Due to the law of large numbers, when we have a sufficient number of diverse weak learners, the ensemble can still be a strong learner. If all classifiers are perfectly independent will be better, not the case here since they are trained on the same data and thus are likely to make the same types of errors.
from sklearn.ensemble import RandomForestClassifier, VotingClassifier
from sklearn.linear_model import LogisticRegression
from sklearn.svm import SVC
log_clf = LogisticRegression()
rnd_clf = RandomForestClassifier()
svm_clf = SVC()
voting_clf = VotingClassifier(estimators=[('lr', log_clf), ('rf', rnd_clf), ('svc', svm_clf)], voting='hard')
voting_clf.fit(xtrain, ytrain)
If all classifiers are able to estimate class probabilities, then we can tell scikit-learn to predict the class with the highest class prob, averaged over all individual classifier. This is called soft voting.
Bagging and Pasting
We can use same training algorithm for every predictor and train them on different random subsets of the training set. When sampling is performed with replacement, it is called bagging (short for bootstrap aggregating). When w/o replacement, it is called pasting. Generally, after aggregation, the net result has a similar bias but a lower variance.

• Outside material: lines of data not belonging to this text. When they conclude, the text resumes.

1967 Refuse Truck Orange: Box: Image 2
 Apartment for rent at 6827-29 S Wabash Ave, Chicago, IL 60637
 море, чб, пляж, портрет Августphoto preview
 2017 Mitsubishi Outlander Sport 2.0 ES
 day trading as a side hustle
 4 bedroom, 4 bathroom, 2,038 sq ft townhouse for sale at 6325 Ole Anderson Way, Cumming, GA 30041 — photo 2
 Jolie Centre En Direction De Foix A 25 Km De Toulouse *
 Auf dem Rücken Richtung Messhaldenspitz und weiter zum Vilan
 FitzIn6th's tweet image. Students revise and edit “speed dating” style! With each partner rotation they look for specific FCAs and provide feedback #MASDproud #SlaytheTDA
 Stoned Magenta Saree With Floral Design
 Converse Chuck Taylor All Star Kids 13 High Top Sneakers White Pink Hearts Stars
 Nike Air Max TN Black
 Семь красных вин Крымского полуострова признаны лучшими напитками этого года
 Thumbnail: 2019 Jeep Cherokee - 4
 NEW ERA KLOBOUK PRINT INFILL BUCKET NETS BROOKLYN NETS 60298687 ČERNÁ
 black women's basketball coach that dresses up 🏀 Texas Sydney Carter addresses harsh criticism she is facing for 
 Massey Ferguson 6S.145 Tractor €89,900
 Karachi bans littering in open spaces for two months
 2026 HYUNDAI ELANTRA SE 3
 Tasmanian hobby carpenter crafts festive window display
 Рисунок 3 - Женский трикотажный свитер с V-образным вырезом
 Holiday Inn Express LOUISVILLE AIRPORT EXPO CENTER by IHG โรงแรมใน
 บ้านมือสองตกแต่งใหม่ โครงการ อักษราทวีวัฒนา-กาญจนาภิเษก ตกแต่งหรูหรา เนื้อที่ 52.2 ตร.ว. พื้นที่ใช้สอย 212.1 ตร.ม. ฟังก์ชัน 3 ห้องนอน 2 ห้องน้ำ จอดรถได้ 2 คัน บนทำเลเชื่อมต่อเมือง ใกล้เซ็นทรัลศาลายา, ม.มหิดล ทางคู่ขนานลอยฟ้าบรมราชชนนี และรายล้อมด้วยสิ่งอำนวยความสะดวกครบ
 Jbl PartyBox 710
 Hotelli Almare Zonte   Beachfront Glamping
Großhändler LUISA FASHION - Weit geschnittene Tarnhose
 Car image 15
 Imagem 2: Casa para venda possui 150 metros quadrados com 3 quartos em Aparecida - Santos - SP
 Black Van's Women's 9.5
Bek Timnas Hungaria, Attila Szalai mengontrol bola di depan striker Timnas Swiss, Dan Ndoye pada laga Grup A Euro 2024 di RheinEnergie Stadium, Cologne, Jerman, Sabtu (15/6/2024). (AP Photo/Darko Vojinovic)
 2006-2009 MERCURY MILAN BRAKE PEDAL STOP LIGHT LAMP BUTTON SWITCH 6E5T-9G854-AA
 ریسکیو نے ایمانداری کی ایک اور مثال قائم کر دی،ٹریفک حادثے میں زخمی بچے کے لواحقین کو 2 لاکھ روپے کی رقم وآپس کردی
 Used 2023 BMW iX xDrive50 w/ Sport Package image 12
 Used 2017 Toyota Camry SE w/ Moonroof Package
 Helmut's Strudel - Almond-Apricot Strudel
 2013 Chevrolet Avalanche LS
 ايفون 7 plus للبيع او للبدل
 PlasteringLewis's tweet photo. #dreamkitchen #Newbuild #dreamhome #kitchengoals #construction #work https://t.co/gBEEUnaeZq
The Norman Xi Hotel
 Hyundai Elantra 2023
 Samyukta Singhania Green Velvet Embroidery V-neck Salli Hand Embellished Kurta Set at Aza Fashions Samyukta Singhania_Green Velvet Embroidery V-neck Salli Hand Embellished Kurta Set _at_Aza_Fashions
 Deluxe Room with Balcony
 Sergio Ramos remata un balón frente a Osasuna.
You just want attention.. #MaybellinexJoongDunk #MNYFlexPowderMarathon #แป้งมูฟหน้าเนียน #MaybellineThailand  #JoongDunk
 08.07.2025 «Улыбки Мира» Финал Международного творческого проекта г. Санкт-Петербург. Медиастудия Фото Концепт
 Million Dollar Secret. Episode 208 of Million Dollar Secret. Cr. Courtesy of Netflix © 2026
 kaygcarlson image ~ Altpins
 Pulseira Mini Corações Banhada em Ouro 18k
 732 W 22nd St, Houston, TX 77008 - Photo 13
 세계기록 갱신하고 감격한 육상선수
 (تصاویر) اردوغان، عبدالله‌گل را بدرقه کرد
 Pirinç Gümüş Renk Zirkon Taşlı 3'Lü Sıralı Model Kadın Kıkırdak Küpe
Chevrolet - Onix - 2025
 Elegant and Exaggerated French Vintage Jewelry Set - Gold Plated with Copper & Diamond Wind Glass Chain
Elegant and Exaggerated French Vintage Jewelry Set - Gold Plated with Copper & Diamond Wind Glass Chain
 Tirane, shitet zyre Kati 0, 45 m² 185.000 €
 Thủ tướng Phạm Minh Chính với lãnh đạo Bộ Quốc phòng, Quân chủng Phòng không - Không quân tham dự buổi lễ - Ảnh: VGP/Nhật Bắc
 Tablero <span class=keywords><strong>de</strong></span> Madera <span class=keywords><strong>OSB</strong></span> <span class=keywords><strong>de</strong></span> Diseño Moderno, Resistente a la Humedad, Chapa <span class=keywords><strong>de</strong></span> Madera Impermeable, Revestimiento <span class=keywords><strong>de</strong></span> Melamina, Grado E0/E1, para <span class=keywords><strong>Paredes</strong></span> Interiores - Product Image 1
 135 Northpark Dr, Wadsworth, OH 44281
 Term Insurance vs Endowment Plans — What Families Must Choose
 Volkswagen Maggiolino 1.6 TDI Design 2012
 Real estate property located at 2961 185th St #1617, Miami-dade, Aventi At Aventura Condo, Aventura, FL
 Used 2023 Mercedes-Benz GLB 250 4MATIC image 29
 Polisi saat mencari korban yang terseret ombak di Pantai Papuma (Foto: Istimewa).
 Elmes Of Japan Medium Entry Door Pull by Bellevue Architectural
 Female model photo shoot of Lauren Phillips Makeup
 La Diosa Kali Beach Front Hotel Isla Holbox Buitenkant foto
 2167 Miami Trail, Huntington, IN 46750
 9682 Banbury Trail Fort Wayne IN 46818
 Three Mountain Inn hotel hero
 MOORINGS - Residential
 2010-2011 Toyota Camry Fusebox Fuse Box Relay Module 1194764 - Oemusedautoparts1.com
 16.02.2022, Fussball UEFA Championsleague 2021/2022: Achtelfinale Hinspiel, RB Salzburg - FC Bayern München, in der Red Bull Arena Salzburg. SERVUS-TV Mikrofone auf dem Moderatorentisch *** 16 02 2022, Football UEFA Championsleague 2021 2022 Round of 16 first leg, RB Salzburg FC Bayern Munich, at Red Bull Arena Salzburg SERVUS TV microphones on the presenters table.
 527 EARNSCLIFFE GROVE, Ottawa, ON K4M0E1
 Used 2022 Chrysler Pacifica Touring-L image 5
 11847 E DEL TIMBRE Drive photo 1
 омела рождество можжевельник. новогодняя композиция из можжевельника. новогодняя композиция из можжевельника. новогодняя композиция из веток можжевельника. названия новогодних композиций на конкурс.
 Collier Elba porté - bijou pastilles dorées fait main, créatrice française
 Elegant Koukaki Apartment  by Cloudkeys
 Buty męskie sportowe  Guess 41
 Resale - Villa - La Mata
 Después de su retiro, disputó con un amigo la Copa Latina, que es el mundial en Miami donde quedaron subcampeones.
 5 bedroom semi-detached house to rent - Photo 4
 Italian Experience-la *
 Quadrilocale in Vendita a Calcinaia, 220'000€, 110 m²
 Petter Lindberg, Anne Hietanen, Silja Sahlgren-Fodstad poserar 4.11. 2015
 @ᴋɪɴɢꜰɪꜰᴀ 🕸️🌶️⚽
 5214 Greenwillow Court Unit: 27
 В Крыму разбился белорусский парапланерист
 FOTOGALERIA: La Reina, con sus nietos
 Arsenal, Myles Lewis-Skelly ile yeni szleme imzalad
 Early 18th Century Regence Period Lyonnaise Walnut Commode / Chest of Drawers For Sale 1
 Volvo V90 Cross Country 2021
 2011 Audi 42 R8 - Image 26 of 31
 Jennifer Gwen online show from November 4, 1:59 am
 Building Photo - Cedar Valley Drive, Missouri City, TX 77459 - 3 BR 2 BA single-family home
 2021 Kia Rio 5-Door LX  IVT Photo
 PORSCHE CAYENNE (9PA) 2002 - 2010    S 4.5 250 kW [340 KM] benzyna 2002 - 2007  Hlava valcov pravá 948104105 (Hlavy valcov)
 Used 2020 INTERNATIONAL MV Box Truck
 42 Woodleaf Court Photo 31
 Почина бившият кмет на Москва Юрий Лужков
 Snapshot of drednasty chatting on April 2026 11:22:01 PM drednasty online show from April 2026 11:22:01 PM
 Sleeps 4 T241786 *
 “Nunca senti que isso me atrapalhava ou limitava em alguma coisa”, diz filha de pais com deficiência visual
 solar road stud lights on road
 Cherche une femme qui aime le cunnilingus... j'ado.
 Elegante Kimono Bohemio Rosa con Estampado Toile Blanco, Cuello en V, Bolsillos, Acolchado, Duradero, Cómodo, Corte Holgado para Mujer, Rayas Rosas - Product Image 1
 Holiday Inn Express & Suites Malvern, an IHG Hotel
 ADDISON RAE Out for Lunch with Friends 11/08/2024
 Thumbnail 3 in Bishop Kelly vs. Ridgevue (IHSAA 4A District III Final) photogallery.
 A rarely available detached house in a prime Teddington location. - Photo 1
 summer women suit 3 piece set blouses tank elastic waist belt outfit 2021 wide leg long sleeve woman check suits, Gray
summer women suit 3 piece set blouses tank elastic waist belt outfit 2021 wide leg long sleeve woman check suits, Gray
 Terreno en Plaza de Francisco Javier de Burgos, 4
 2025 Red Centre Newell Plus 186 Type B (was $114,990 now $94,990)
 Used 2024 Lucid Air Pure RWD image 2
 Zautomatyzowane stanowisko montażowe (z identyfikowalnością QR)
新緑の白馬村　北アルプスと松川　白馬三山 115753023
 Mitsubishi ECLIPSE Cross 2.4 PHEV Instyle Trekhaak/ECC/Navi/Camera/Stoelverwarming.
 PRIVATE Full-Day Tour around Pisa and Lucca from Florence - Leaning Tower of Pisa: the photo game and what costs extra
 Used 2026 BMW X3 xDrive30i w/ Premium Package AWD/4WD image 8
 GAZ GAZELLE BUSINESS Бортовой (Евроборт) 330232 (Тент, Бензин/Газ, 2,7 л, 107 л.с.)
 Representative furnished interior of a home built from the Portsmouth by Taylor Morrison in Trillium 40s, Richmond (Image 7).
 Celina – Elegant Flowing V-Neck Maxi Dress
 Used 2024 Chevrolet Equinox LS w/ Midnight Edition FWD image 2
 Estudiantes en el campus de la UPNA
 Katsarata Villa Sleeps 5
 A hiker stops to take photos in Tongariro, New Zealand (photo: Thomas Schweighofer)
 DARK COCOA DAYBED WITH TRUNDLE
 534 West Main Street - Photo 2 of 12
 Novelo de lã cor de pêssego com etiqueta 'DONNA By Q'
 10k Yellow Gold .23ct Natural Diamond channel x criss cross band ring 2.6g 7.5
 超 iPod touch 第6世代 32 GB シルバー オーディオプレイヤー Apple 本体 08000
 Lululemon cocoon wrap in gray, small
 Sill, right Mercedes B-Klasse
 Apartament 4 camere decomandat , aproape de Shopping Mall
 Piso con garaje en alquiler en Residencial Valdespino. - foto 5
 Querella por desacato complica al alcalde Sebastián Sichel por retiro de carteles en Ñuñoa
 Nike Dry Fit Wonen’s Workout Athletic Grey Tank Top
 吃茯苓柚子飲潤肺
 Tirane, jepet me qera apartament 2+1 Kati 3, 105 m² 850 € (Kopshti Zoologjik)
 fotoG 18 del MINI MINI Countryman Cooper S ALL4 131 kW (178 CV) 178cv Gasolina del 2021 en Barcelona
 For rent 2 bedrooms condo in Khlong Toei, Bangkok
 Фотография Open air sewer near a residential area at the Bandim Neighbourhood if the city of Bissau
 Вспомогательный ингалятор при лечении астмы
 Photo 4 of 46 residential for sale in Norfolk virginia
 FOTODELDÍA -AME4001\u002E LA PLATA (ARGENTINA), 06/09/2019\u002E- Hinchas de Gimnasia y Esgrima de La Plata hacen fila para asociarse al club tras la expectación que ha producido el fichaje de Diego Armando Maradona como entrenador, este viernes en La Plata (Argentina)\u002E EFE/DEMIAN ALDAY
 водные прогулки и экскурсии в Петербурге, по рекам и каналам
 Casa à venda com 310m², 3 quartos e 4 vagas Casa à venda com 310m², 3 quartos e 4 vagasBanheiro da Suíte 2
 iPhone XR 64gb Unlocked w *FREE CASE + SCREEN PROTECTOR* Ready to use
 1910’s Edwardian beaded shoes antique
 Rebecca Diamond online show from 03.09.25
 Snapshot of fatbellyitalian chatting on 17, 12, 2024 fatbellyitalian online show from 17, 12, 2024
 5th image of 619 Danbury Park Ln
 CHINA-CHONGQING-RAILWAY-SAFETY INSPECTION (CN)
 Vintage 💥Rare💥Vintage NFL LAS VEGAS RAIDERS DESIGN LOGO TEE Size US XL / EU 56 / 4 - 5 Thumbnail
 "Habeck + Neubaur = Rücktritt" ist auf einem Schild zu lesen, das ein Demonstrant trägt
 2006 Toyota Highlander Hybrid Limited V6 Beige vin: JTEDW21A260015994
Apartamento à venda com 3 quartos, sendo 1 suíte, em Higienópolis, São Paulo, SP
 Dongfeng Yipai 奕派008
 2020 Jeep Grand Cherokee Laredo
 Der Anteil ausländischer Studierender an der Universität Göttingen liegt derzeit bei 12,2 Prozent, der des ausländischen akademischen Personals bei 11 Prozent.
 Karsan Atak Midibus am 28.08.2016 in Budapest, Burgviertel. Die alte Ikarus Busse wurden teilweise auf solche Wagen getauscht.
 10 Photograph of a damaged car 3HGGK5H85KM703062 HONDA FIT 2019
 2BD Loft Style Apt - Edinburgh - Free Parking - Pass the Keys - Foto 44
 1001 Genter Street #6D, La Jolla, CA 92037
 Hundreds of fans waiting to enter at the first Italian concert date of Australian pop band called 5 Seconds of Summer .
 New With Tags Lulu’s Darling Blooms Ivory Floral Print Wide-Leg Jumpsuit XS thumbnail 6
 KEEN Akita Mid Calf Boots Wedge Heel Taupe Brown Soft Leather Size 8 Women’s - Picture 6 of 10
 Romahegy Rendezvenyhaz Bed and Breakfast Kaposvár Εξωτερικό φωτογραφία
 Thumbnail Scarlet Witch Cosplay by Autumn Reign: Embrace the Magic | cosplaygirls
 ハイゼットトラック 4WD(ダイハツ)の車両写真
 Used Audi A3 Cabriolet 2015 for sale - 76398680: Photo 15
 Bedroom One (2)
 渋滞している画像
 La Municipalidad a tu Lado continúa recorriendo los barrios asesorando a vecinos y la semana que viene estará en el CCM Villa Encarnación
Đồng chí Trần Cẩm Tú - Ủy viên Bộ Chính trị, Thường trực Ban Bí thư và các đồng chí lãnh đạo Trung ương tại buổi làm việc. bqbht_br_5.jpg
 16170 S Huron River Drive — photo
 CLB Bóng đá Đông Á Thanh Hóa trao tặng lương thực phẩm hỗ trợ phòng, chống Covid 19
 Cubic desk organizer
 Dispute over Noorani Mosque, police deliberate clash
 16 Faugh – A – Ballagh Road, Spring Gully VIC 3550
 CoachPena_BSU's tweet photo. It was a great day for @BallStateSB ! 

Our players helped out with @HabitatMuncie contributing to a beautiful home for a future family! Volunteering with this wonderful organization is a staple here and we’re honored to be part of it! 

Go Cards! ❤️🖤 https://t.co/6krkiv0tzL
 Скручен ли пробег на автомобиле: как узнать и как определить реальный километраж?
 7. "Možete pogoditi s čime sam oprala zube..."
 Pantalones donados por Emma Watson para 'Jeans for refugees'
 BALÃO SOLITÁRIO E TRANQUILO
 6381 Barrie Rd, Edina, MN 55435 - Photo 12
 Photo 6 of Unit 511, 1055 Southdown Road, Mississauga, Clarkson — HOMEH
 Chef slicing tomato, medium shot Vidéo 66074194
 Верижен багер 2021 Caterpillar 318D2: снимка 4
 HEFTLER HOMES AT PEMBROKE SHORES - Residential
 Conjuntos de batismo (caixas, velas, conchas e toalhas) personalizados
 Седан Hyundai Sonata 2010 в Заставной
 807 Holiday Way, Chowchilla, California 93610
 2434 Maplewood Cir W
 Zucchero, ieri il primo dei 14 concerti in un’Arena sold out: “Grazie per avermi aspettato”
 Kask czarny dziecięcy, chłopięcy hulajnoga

from sklearn.ensemble import BaggingClassifier
from sklearn.tree import DecisionTreeClassifier
bg_clf = BaggingClassifier(
DecisionTreeClassifier(), n_estimators=500,
max_sampels=100, boot_strp=True, n_jobs=-1
)
bag_clf.fit(xtrain, ytrain)
The Bagging Classifier automatically performs soft voting if the base classifier can estimate class probabilities.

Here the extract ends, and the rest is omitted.